Word for word, restate the records that appear below.

┌─ Supplied data

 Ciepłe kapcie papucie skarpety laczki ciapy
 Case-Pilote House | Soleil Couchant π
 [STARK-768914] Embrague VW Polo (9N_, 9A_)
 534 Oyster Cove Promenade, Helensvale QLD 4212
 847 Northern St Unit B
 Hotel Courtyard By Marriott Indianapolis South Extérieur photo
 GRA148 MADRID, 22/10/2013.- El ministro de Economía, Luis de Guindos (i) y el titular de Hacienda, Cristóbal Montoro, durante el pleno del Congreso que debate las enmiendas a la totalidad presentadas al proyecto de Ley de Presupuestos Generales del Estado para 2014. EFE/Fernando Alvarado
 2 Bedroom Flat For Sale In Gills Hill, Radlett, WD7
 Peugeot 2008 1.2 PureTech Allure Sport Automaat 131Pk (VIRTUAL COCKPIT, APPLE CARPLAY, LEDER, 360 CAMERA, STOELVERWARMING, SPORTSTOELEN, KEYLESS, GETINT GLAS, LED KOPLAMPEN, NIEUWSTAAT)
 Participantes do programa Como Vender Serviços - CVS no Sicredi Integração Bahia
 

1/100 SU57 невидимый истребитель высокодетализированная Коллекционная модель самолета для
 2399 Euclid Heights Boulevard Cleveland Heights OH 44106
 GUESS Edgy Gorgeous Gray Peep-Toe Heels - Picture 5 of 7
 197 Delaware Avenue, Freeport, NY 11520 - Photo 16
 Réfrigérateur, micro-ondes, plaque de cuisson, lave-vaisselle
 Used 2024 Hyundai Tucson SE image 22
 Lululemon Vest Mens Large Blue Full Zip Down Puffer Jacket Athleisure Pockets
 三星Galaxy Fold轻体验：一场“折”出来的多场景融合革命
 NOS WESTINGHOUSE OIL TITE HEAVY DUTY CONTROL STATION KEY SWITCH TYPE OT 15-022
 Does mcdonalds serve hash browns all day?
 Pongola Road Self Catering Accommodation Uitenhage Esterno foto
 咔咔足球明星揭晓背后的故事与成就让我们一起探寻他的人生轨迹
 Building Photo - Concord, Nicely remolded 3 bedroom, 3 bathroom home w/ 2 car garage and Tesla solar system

└─

§ **Reply**:
 Ciepłe kapcie papucie skarpety laczki ciapy
 Case-Pilote House | Soleil Couchant π
 [STARK-768914] Embrague VW Polo (9N_, 9A_)
 534 Oyster Cove Promenade, Helensvale QLD 4212
 847 Northern St Unit B
 Hotel Courtyard By Marriott Indianapolis South Extérieur photo
 GRA148 MADRID, 22/10/2013.- El ministro de Economía, Luis de Guindos (i) y el titular de Hacienda, Cristóbal Montoro, durante el pleno del Congreso que debate las enmiendas a la totalidad presentadas al proyecto de Ley de Presupuestos Generales del Estado para 2014. EFE/Fernando Alvarado
 2 Bedroom Flat For Sale In Gills Hill, Radlett, WD7
 Peugeot 2008 1.2 PureTech Allure Sport Automaat 131Pk (VIRTUAL COCKPIT, APPLE CARPLAY, LEDER, 360 CAMERA, STOELVERWARMING, SPORTSTOELEN, KEYLESS, GETINT GLAS, LED KOPLAMPEN, NIEUWSTAAT)
 Participantes do programa Como Vender Serviços - CVS no Sicredi Integração Bahia
 

1/100 SU57 невидимый истребитель высокодетализированная Коллекционная модель самолета для
 2399 Euclid Heights Boulevard Cleveland Heights OH 44106
 GUESS Edgy Gorgeous Gray Peep-Toe Heels - Picture 5 of 7
 197 Delaware Avenue, Freeport, NY 11520 - Photo 16
 Réfrigérateur, micro-ondes, plaque de cuisson, lave-vaisselle
 Used 2024 Hyundai Tucson SE image 22
 Lululemon Vest Mens Large Blue Full Zip Down Puffer Jacket Athleisure Pockets
 三星Galaxy Fold轻体验：一场“折”出来的多场景融合革命
 NOS WESTINGHOUSE OIL TITE HEAVY DUTY CONTROL STATION KEY SWITCH TYPE OT 15-022
 Does mcdonalds serve hash browns all day?
 Pongola Road Self Catering Accommodation Uitenhage Esterno foto
 咔咔足球明星揭晓背后的故事与成就让我们一起探寻他的人生轨迹
 Building Photo - Concord, Nicely remolded 3 bedroom, 3 bathroom home w/ 2 car garage and Tesla solar system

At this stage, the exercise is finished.